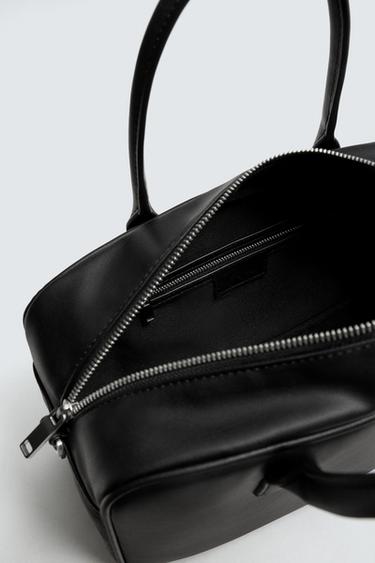 PLAIN HANDBAG - Black by Zara - Image 5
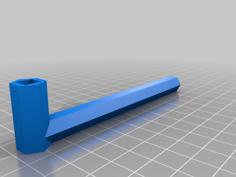 Piano Tuning Wrench 3D Printer Model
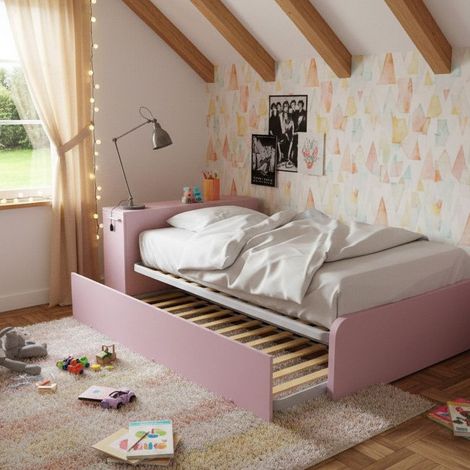 Letto una piazza e mezza 120x190 con contenitore e secondo letto estraibile - Cipriaf3c4ff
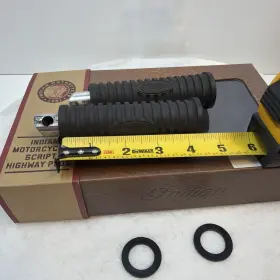 N50800020 Indian Motorcycle Branded Foot Peg Set 4 1/2 Inch Rubber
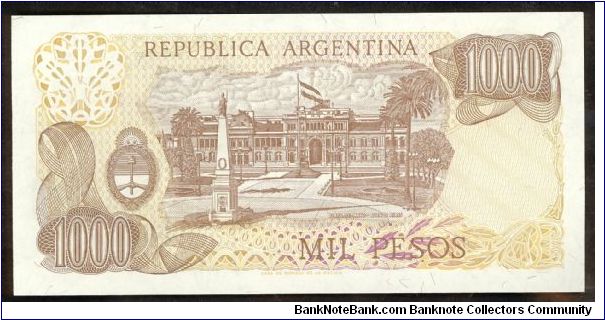 Banknote from Argentina year 1976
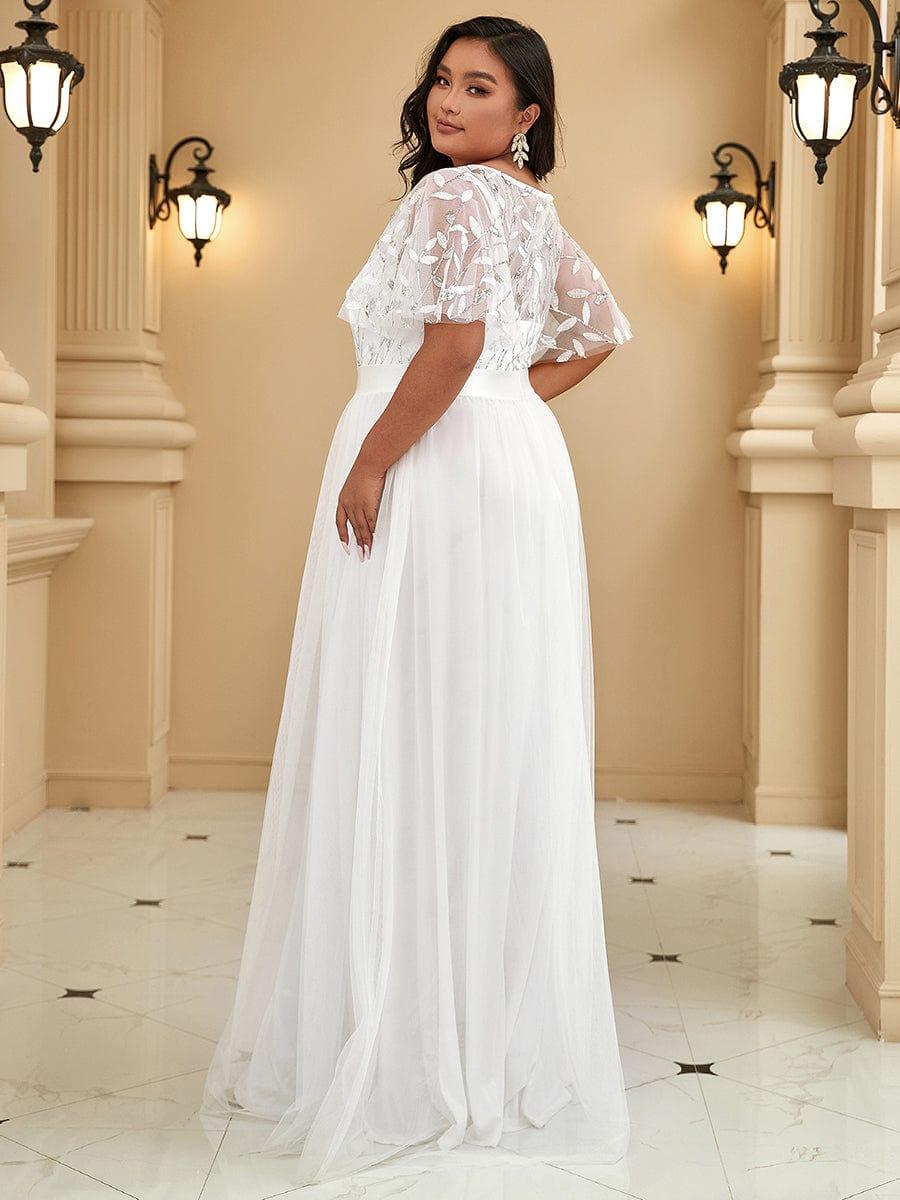 Octavia | A-Line Belted Embroidered Evening Dress Mother of the Bride Outfits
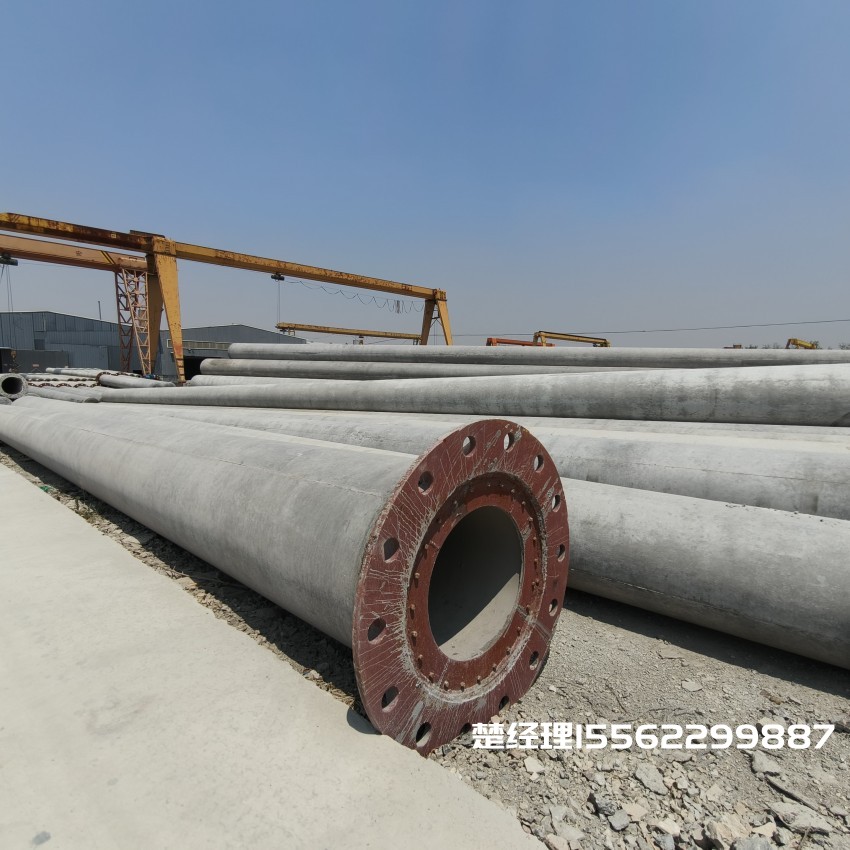 林口12米无拉线电杆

----------

▶ [EXERCISE DESCRIPTION]: Your answer must be every record above, word for word, with no pictures.

▶ [RESPONSE AREA]:
 PLAIN HANDBAG - Black by Zara - Image 5
 Piano Tuning Wrench 3D Printer Model
 Letto una piazza e mezza 120x190 con contenitore e secondo letto estraibile - Cipriaf3c4ff
 N50800020 Indian Motorcycle Branded Foot Peg Set 4 1/2 Inch Rubber
 Banknote from Argentina year 1976
 Octavia | A-Line Belted Embroidered Evening Dress Mother of the Bride Outfits
 林口12米无拉线电杆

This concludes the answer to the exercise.